On Tuesday, Michael Glassner, the Trump campaign's chief operating officer, said in a statement, "This day reminds us of the need for America's vigilance against radical Islamic terrorism and its ongoing threat to our freedoms, as President Trump has done so honorably as our Commander-in-Chief."
The flight was hijacked by four al-Qaeda members, who may have been planning to fly it into the U.S. Capitol. As passengers and crew sought to regain control of the plane, it crashed into a field outside of Shanksville. All 44 people aboard were killed.
A White House statement Monday marking Patriot Day used the phrase "radical Islamic terrorists," and not al-Qaeda to refer to the hijackers.

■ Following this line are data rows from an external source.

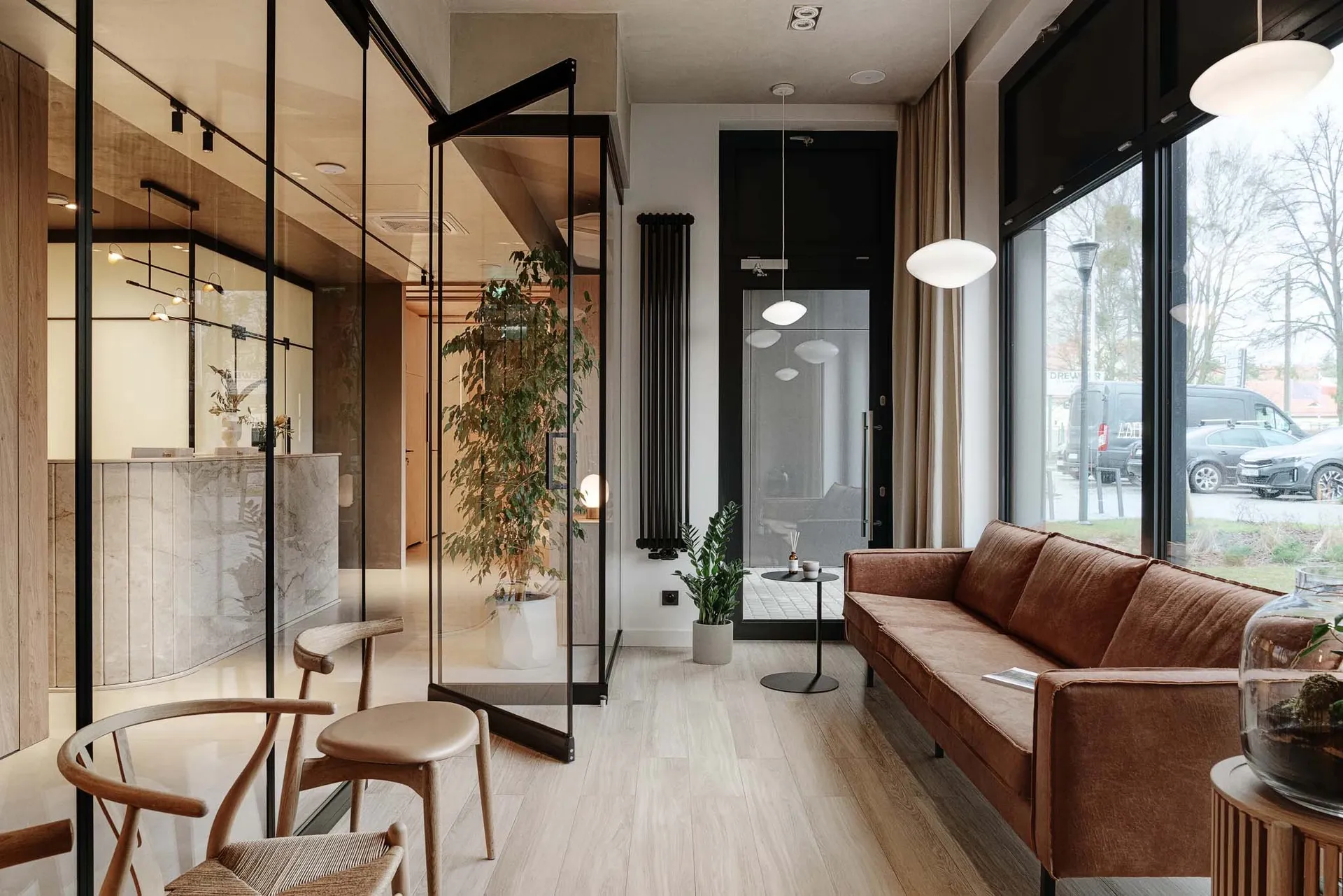 Modern living room with a marble floor and wooden furniture, featuring a brown leather sofa and potted plants.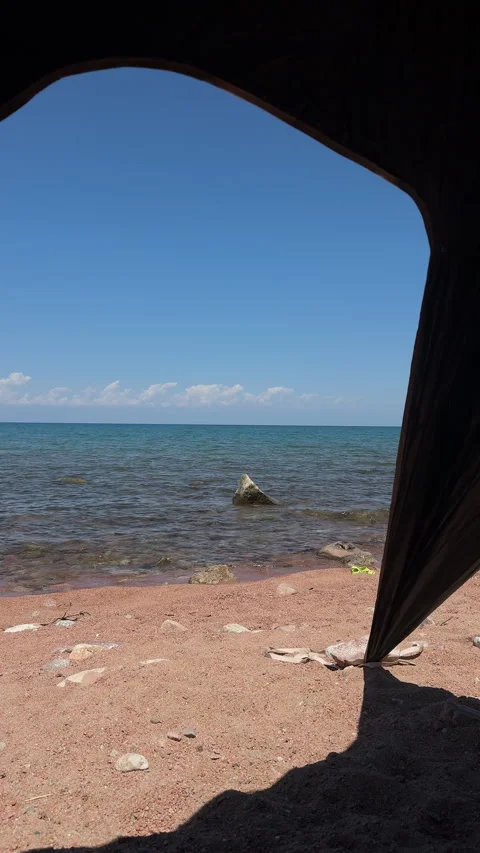 View of Issyk-Kul lake from inside tent, 4K vertical Stock Footage 342030263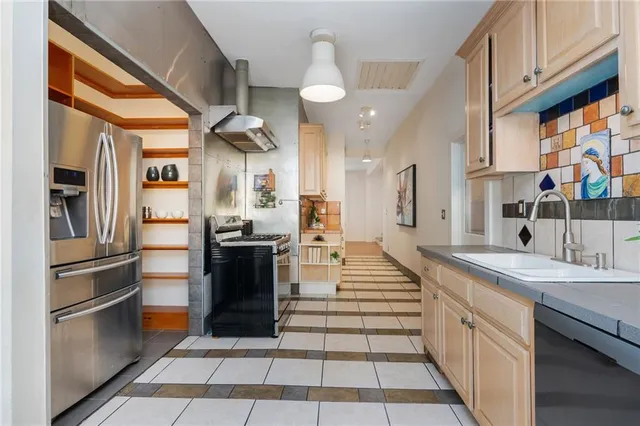 a living room with furniture and windows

By the time Trump took the stage in Shanksville, however, he already had appeared to undermine the solemnity of the day. Trump began Tuesday morning by raging against his Justice Department in a series of tweets. Later, on the way to Pennsylvania, the president gave photographers a thumbs up outside Air Force One, and upon landing, he pumped both fists at his cadre of greeters.
Trump has a complicated history with the 9/11 attacks. On the day of the actual attacks, he was asked by a local TV station about a building he owned at 40 Wall Street. Instead of reflecting upon the loss of life just hours earlier, Trump falsely claimed that with the World Trade Center having collapsed, his own building was now "the tallest" in the city.
In fact, a nearby building on Pine Street was 25 feet taller. Trump described how, according to his staff near the World Trade Center, "Wall Street is littered with two feet of stone and brick and mortar and steel."
Trump has also used the 9/11 attacks to stoke unfounded fear of Muslims. During Trump's 2016 presidential campaign, he also falsely claimed to have seen video of Muslims in New Jersey celebrating the collapse of the towers.
"There were people that were cheering on the other side of New Jersey, where you have large Arab populations," Trump said on ABC's "This Week" in late 2015. "They were cheering as the World Trade Center came down. I know it might be not politically correct for you to talk about it, but there were people cheering as that building came down — as those buildings came down," Trump said.